→ **GIVEN RECORDS**:

━━━

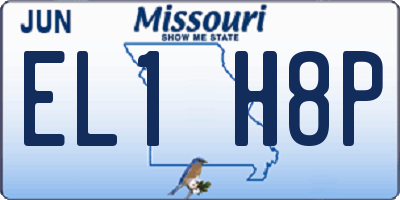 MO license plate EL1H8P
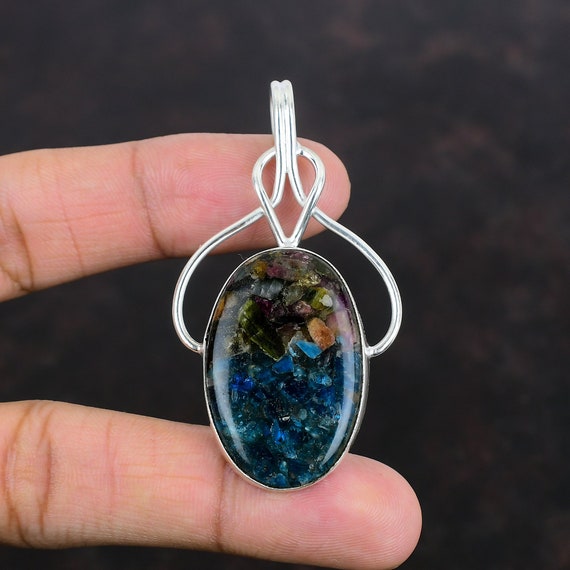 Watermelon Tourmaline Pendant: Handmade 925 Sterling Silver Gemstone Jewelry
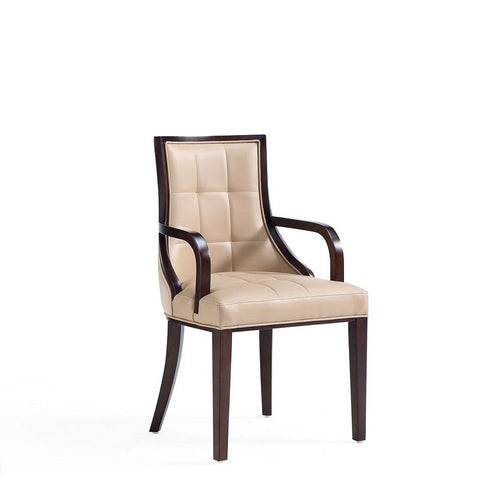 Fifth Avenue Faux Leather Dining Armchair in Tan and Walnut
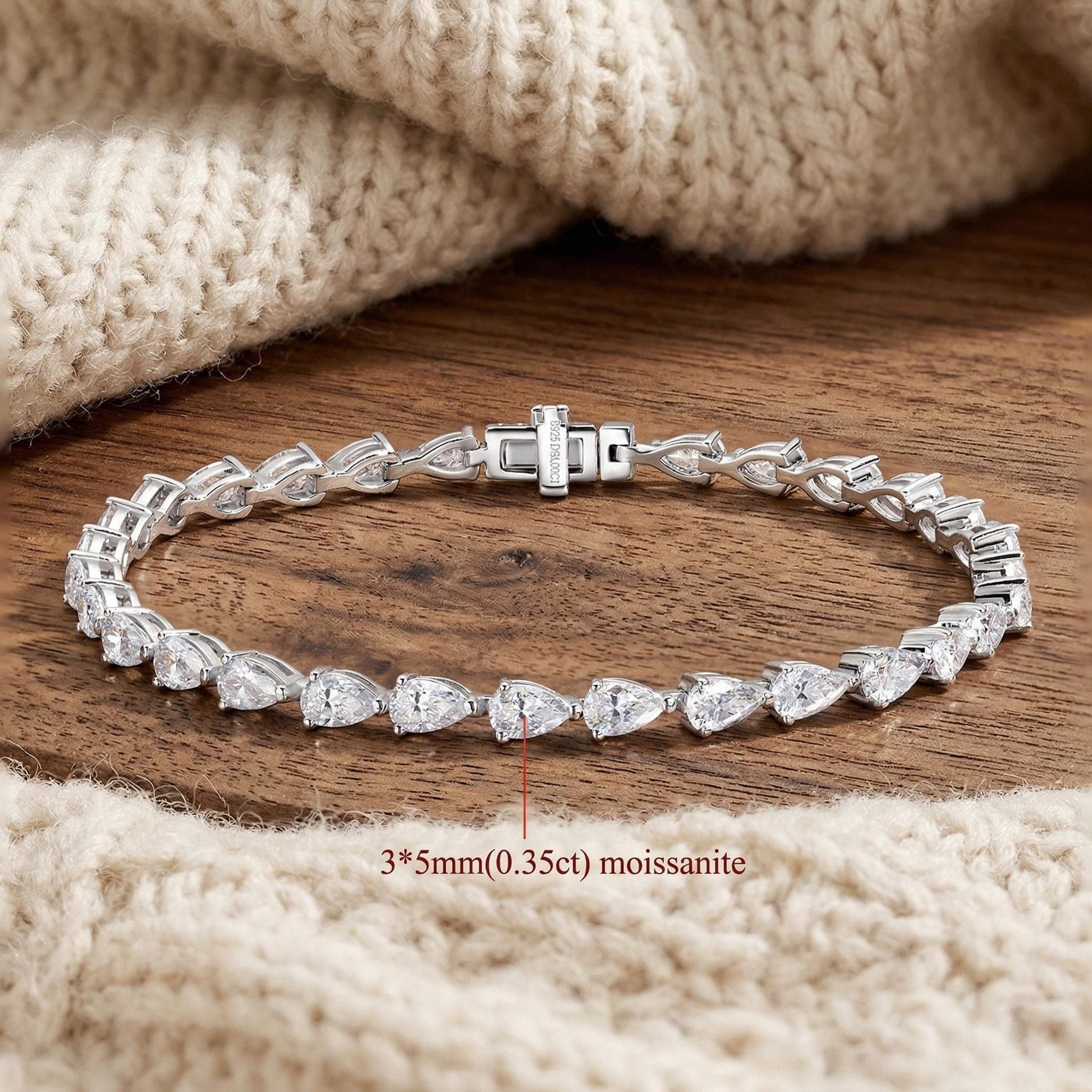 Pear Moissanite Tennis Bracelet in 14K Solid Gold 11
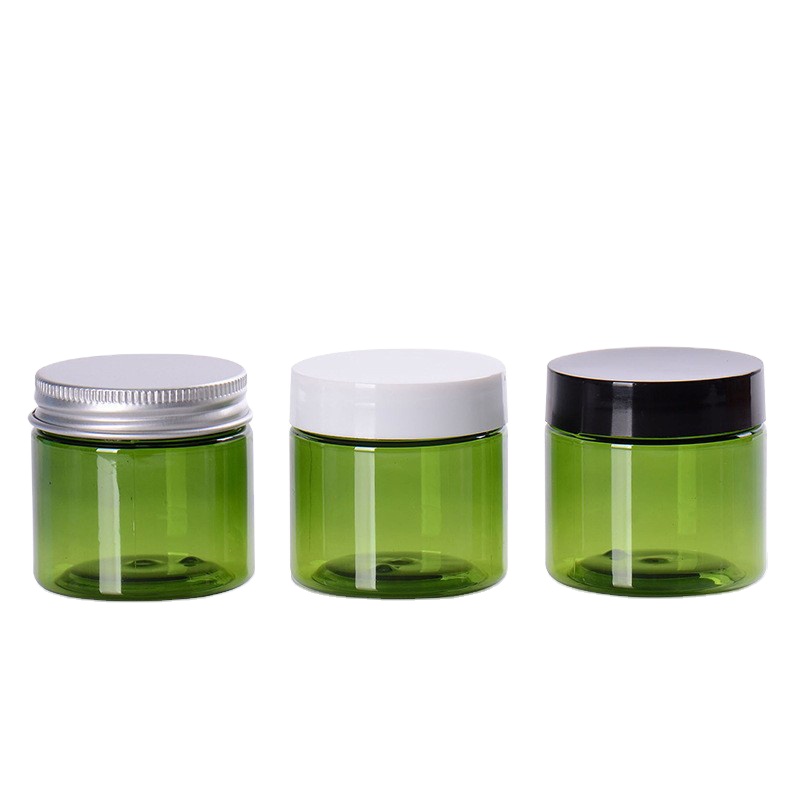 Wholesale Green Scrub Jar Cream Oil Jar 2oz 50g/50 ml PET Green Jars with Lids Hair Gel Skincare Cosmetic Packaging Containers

━━━

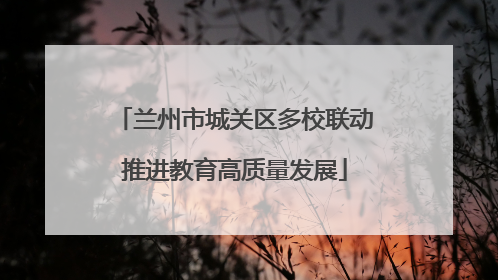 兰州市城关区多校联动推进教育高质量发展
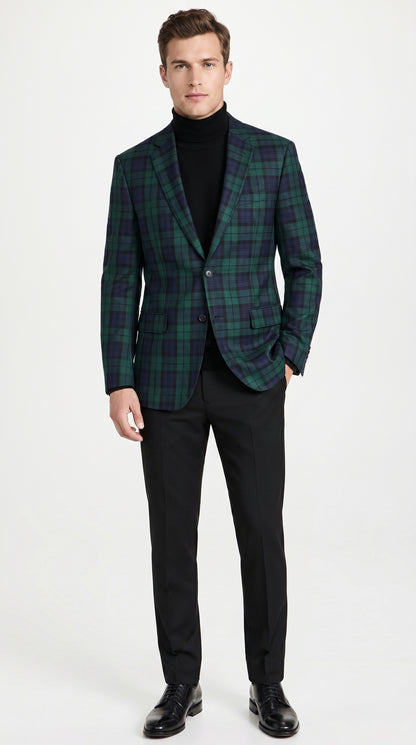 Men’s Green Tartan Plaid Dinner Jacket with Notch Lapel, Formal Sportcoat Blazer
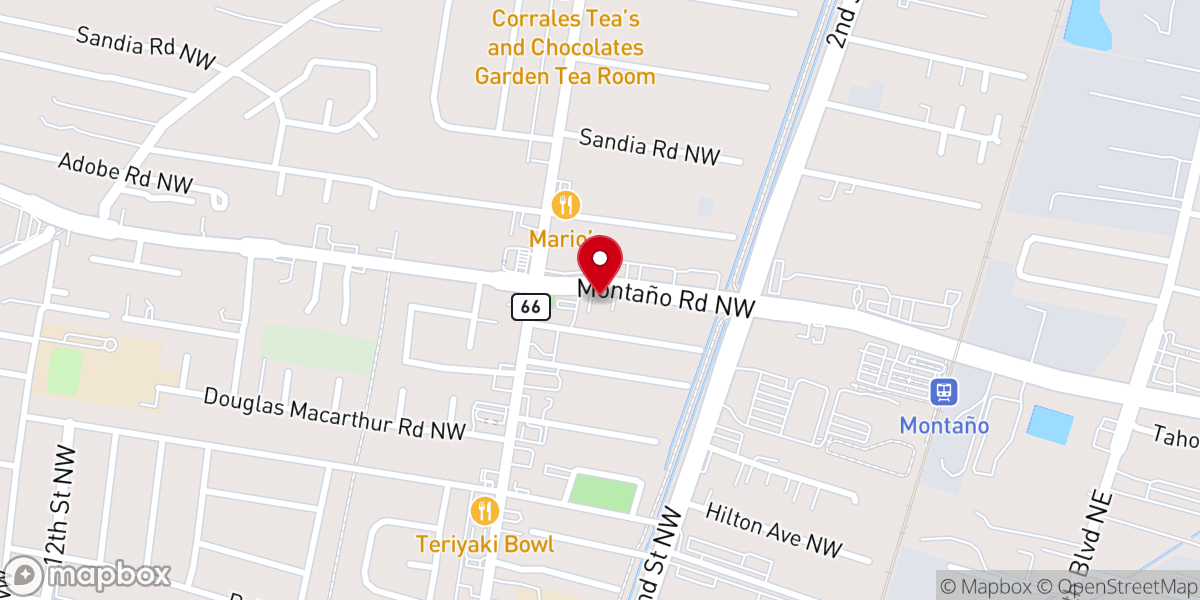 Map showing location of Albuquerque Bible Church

━━━

→ **TASK TO COMPLETE**: Restate word for word the lines of the data above that begin at the line with "Men’s Green Tartan" and end at the line with "Map showing location", keeping both ends and dropping every picture.

→ **REPLY**:
 Men’s Green Tartan Plaid Dinner Jacket with Notch Lapel, Formal Sportcoat Blazer
 Map showing location of Albuquerque Bible Church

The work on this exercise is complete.